Filter the material below down to the lines containing the word "Kitchen".

* **INPUT MATERIAL**:

══════

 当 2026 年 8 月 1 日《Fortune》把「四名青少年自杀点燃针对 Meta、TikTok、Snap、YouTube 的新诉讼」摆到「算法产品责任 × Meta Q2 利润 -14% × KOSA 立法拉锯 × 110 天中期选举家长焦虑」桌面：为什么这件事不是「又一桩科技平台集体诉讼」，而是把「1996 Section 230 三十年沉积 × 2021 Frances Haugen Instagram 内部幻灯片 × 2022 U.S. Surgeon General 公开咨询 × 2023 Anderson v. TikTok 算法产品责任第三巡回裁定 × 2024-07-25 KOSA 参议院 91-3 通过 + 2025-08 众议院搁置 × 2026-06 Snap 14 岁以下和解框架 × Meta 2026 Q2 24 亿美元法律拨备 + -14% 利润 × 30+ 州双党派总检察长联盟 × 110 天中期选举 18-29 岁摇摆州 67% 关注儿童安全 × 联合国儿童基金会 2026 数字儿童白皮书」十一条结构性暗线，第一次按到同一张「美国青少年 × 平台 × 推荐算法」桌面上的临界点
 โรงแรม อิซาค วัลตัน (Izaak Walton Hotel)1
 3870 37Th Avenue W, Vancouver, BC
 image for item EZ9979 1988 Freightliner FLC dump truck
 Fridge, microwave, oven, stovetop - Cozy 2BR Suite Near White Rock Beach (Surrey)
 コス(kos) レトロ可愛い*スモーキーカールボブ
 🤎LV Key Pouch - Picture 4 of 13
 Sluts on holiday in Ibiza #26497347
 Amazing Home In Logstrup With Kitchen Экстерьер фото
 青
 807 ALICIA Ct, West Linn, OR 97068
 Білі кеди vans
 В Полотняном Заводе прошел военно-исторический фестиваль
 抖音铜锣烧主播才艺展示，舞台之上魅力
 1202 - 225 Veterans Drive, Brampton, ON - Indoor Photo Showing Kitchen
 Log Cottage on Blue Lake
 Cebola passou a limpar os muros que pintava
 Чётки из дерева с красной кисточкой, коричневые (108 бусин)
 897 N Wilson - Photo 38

══════

* **RESPONSE FOR THIS EXERCISE**:
 Amazing Home In Logstrup With Kitchen Экстерьер фото
 1202 - 225 Veterans Drive, Brampton, ON - Indoor Photo Showing Kitchen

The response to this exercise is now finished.